A story is the promise of a conversation

Reading Time: 2 minutes
Illustration of how much we know about a user story over time.

In agile development the whole point of a story is … well, it’s a story.

It illustrates an instance. It illuminates an essence.

It tells a story.

There is a user. An actual person, who needs to get stuff done. A hero.

They probably need to get other stuff done too. This, whatever that is, is just one thing on their neverending to-do list.

Their reasons could be very simple or very complex.

I need to do this because my boss needs it by Tuesday.

Or

I need to to do this so I can get the documentation I need to go on holiday to Mauritius.

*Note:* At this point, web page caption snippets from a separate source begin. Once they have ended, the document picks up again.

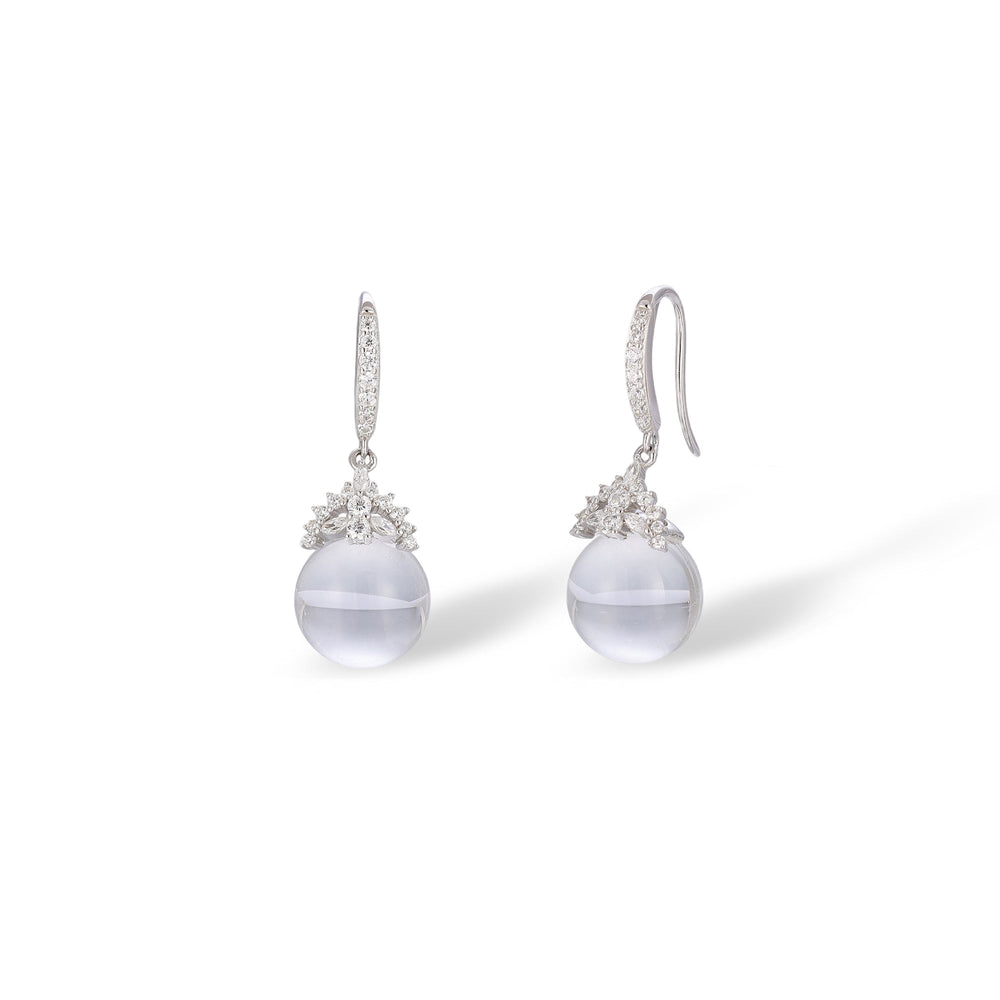 Heilrun White Crown Round Crystal Earrings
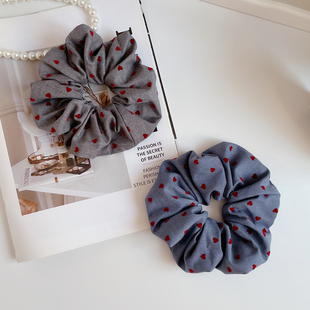 原创复古发圈女法式 高级感发饰牛仔爱心大肠圈盘发绳丸子头饰皮筋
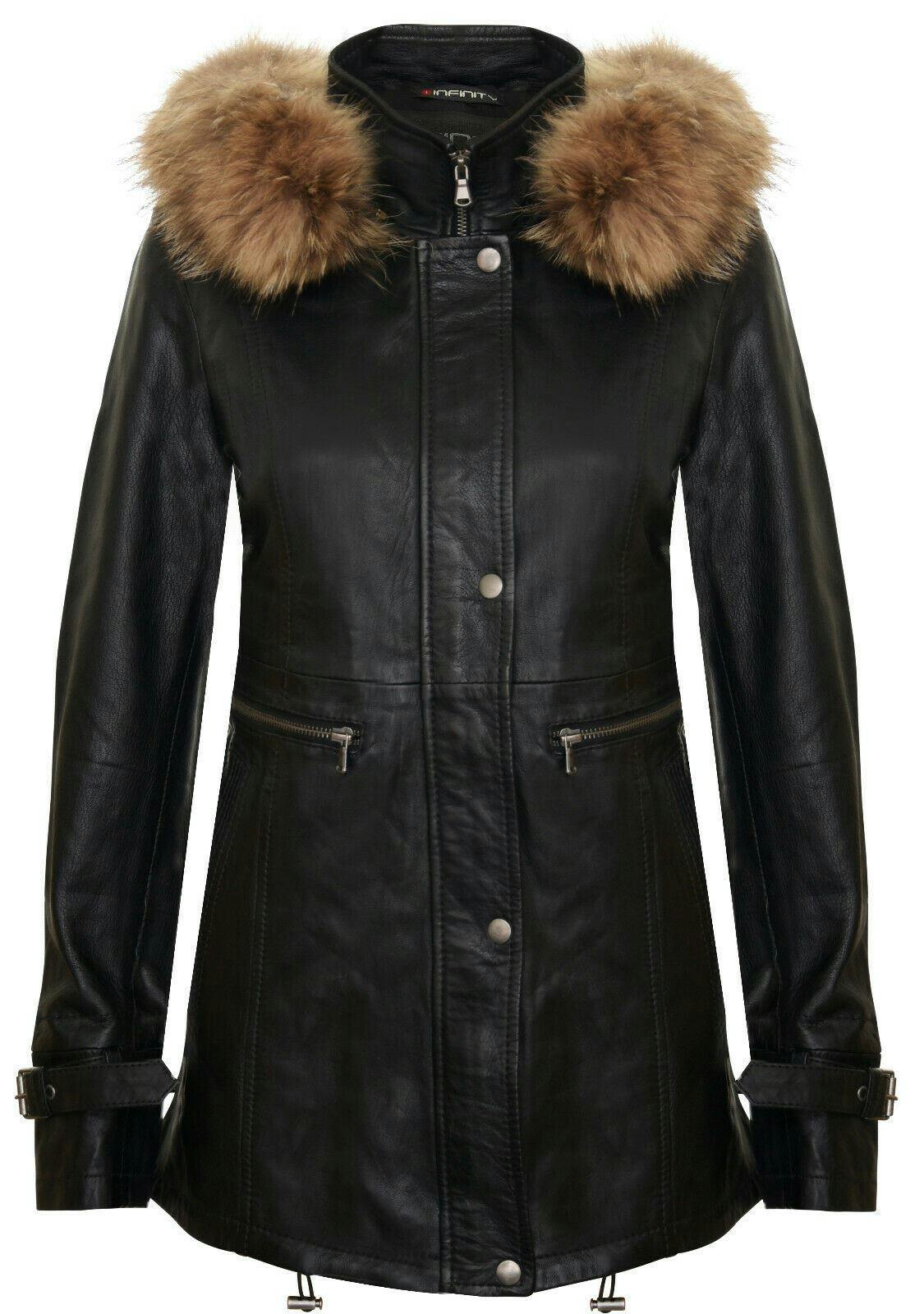 Infinity Leather Women's Black Warm Leather Hooded Parka Jacket-Northwich - Uk 2XL/18 | Eu 44 | Us 14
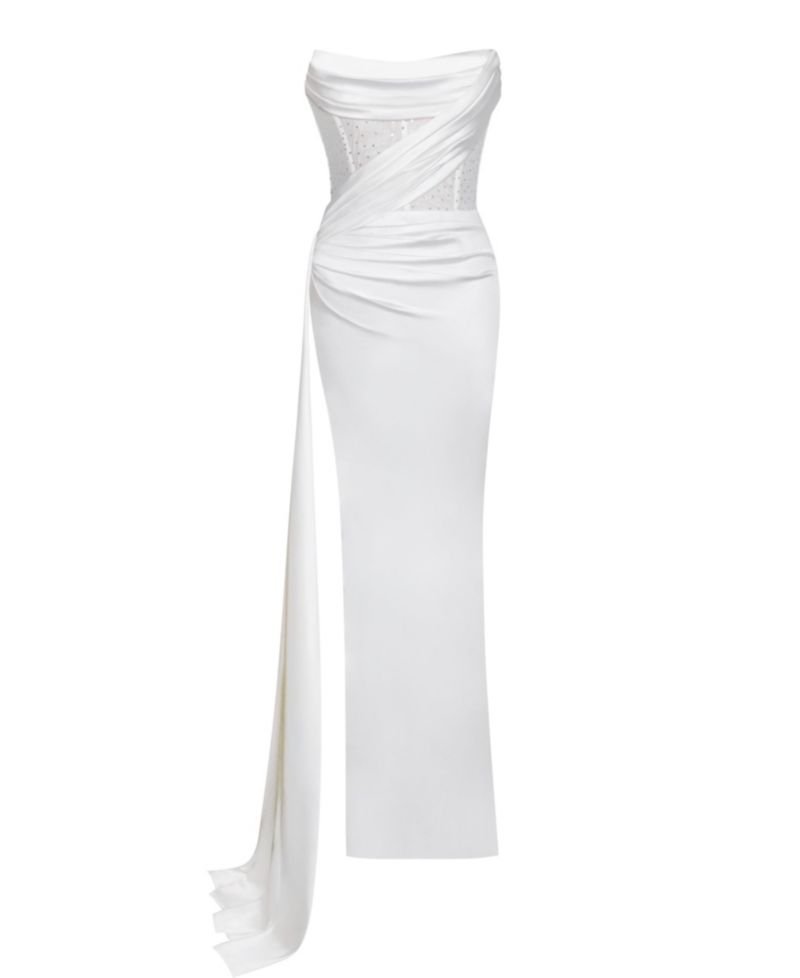 Women Holly White Crystallized Corset High Slit Satin Gown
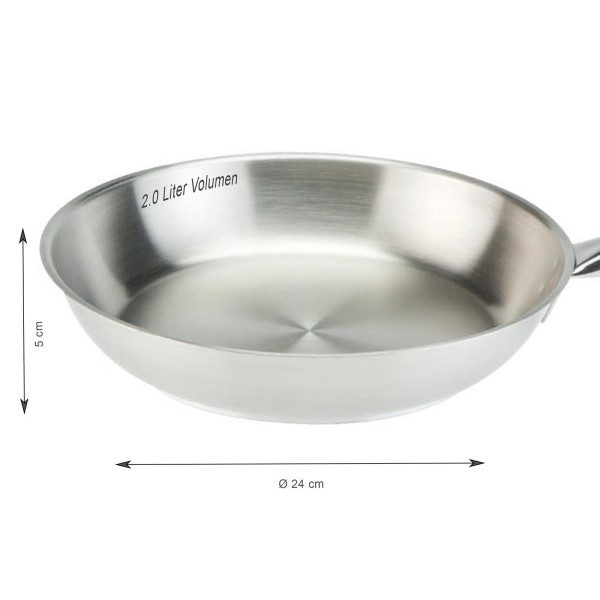 SKK flache Profi Pfanne Induktion 24cm klein 18/10 Edelstahl Bratpfanne rostfrei & Vollglasdeckel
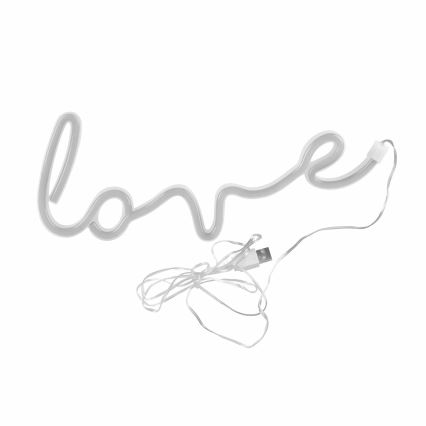Décoration murale néon LOVE LED/3W/3xAA USB rouge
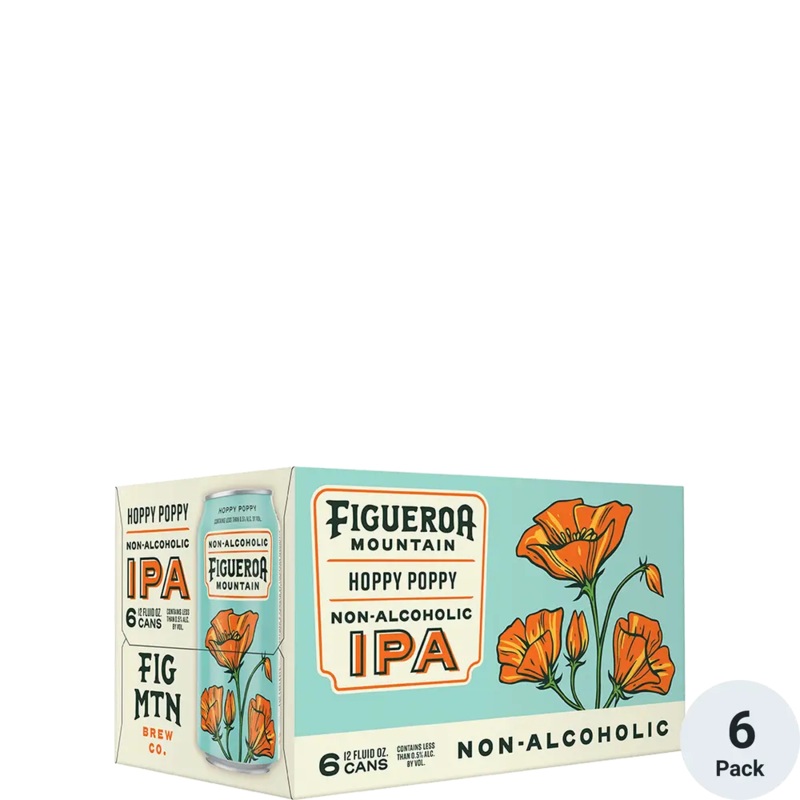 Figueroa Mountain Hoppy Poppy Non Alcoholic 12oz 6 Pack Can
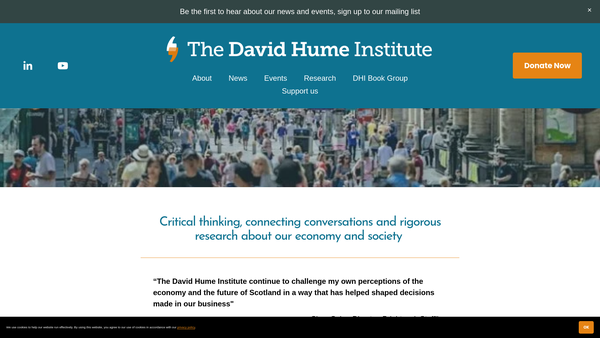 Screenshot of the David Hume Institute website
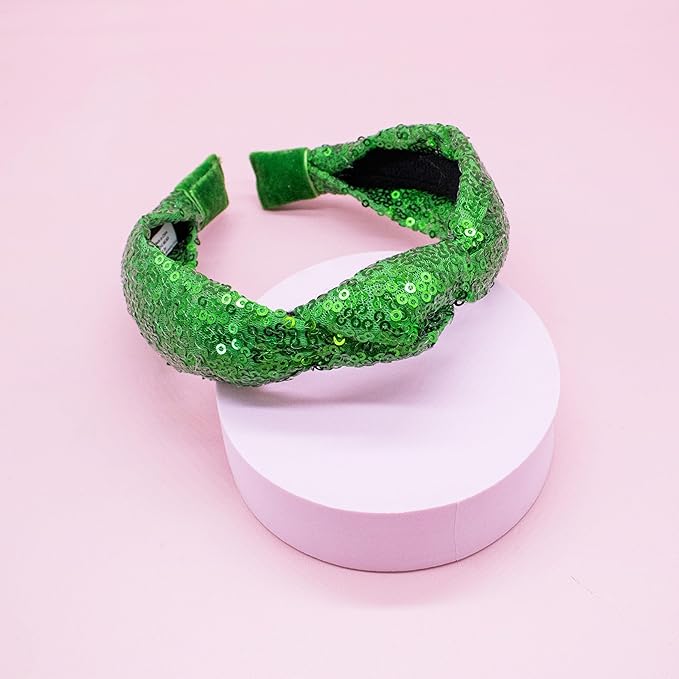 FROG SAC St. Patrick's Day Knot Headband for Girls, Green Sequin Knotted Hair Band Accessories for Kids, Sparkly Iridescent Little Girl Headbands for Children, Cute Sparkle Head Band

The point of expressing user needs as stories is:

  • Stories are human, and so are we. We relate to stories because we are human and stories are how we are human.
  • Stories can be simple, and conceal lots of complexity. “I booked a flight on my phone” is a simple story. Allowing a user to book a flight on their phone is complex. The complexity is our problem, not the user’s.
  • Our job is to make it simple

Our stories, our main stories, don’t mention the databases we created, or the APIs we queried. We’re human, and that’s not important.

What’s important is the results we get.

I got that thing to my boss by Tuesday.

I booked that flight to Mauritius.

User stories should not specify every technical requirement needed to fulfil them.

That’s not the user’s job. That’s ours. We need to dig into the detail, users don’t. But those are just tasks. Nobody ever told their grandchildren about the user interfaces they interacted with.

They told them stories.

And the point of this story is … a story is the promise of a conversation. It’s where we set out from on a voyage of discovery. We know (roughly) where we want to get to. And we have an idea of how we might get there.

But we don’t know. We will have to learn as we go. The more we learn, the more we’ll know.

As Giora Morein’s illustration shows, we learn most quickly during planning. But that’s because it’s an intense discussion between designers and developers over a short period of time.

We need to talk more, not less.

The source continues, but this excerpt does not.